A reclassificação de veículos nas portagens já esteve nas mãos de um grupo de trabalho do Instituto da Mobilidade e dos Transportes (IMT) e à consideração dos Ministérios da Economia e do Planeamento e das Infraestruturas, da Via Verde e da Associação Portuguesa das Sociedades Concessionárias de Autoestradas ou Pontes com Portagens nos últimos anos, mas sem grandes avanços registados.
Atualmente os motociclos que utilizarem Via Verde têm uma redução de 30% nas portagens, mas este cenário (ainda que simpático) está longe da maior “justiça na cobrança de portagens" e do sistema "utilizador-poluidor-pagador" defendidos por esta proposta mais recente. Além disso, deixa de fora quem se desloca nas antigas vias SCUT, quem circula na ponte Vasco da Gama e quem não tem o identificador.Se fizermos um pequeno exercício de raciocínio e uma visita ao site da Brisa percebemos que pagamos portagens para ajudarmos aos “custos de manutenção e funcionamento da rede de auto estradas” e para contribuirmos ativamente para o “financiamento das auto estradas presentes e futuras”. Neste contexto, o contributo dado por um camião terá de ser proporcionalmente maior que aquele dado por uma moto. Certo? Se tivermos em conta que os motociclos têm um peso bastante inferior ao dos veículos de classe 1, e uma superfície de contacto com a via também menor, a taxa a pagar deveria também ser mais baixa. Isto, para não falarmos da menor emissão de gases poluentes.
Ainda que tudo isto faça sentido, a questão é: são estes os critérios que estão na base na definição das classes dos veículos? Não. Aparentemente é tudo uma questão de tamanho. Os critérios utilizados para a classificação de veículos, para efeitos de pagamento de taxas de portagem, foram fixados na Base XIV, do DL 294/97, de 24 de outubro. De acordo com o referido Decreto-Lei, existem dois critérios para definição desta classificação: a altura do veículo, e o número total de eixos do veículo. A classe 1 contempla motociclos e veículos com uma altura, medida à vertical do primeiro eixo, inferior a 1,1 m, com ou sem reboque.

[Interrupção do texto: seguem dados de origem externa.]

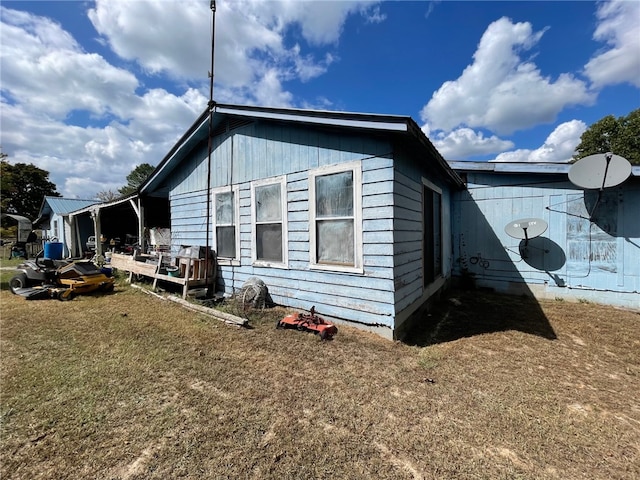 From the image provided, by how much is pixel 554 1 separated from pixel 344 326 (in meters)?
7.86

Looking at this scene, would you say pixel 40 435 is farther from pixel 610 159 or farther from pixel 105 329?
pixel 610 159

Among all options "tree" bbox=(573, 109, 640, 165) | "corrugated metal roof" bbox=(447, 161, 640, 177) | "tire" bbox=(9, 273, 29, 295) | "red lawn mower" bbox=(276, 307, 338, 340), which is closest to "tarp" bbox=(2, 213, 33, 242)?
"tire" bbox=(9, 273, 29, 295)

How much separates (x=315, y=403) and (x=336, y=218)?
2584 mm

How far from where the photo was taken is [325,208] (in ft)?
14.7

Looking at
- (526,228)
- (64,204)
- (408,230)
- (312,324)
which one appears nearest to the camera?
(312,324)

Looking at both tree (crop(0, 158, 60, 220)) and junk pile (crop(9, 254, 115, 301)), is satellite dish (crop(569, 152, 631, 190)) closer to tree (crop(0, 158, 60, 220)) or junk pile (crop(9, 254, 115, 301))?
junk pile (crop(9, 254, 115, 301))

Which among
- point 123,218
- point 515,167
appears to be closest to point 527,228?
point 515,167

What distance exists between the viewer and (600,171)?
523 cm

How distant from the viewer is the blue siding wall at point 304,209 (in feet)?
12.8

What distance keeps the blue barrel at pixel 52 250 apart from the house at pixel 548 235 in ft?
43.9

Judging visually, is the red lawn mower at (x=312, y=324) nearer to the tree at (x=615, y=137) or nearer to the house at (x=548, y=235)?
the house at (x=548, y=235)

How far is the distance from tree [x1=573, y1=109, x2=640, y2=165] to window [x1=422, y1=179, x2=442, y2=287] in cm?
1993

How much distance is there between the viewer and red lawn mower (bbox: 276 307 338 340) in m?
3.97

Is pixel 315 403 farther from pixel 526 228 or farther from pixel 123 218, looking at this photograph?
pixel 123 218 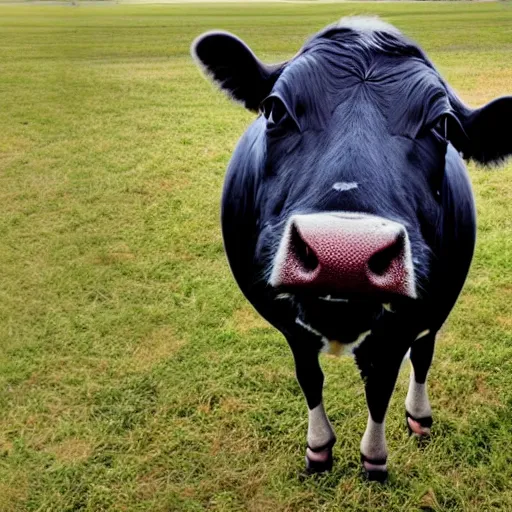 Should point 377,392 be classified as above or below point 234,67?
below

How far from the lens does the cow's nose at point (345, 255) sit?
146cm

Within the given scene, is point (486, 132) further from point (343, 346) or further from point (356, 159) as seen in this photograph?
point (343, 346)

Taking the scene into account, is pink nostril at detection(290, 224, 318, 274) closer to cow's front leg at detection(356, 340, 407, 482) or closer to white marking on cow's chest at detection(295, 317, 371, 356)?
white marking on cow's chest at detection(295, 317, 371, 356)

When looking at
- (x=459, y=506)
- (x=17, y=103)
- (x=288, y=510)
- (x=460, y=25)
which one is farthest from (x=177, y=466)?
(x=460, y=25)

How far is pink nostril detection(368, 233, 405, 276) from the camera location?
1.51 metres

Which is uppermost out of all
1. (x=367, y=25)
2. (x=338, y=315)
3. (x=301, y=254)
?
(x=367, y=25)

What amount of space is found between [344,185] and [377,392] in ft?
4.37

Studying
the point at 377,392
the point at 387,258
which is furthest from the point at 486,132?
the point at 377,392

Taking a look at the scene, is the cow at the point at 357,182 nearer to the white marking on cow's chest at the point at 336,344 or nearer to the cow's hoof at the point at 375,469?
the white marking on cow's chest at the point at 336,344

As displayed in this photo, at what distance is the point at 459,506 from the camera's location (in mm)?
2855

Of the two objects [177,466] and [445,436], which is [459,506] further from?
[177,466]

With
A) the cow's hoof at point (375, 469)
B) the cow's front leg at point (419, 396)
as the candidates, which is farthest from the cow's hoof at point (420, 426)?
the cow's hoof at point (375, 469)

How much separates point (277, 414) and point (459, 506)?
3.57ft

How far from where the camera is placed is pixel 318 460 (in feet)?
9.84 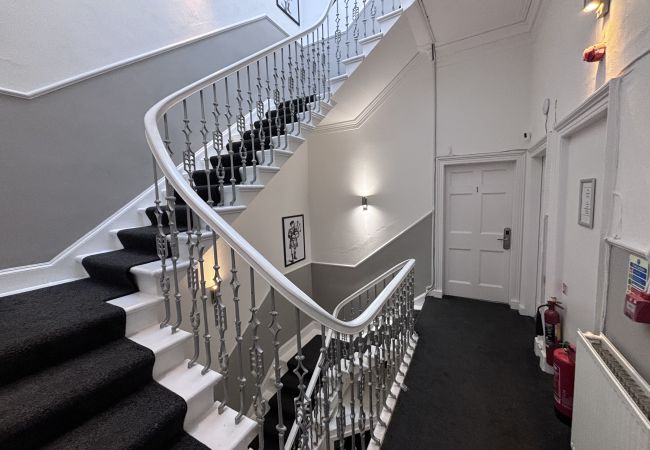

Em 2017, o Governo disse aceitar rever os critérios utilizados na classificação de veículos para efeitos de pagamento de taxas de portagem, mas a lei portuguesa continua desajustada da realidade automóvel atual, e desenquadrada face aos critérios seguidos por outros países da Europa. A alteração da legislação atual parece depender apenas da vontade política, mas no final o dinheiro poderá falar mais alto. A revisão destes critérios pode conduzir a uma redução significativa das receitas, não só pela criação de uma classe 5 para motociclos, mas pelo facto de poder mexer com a configuração das restantes classes, colocando alguns veículos da classe 2 na classe 1, como é o caso dos SUVs.
Para já esta novela mexicana ainda não acabou, e como tal só podemos agora aguardar por um final feliz.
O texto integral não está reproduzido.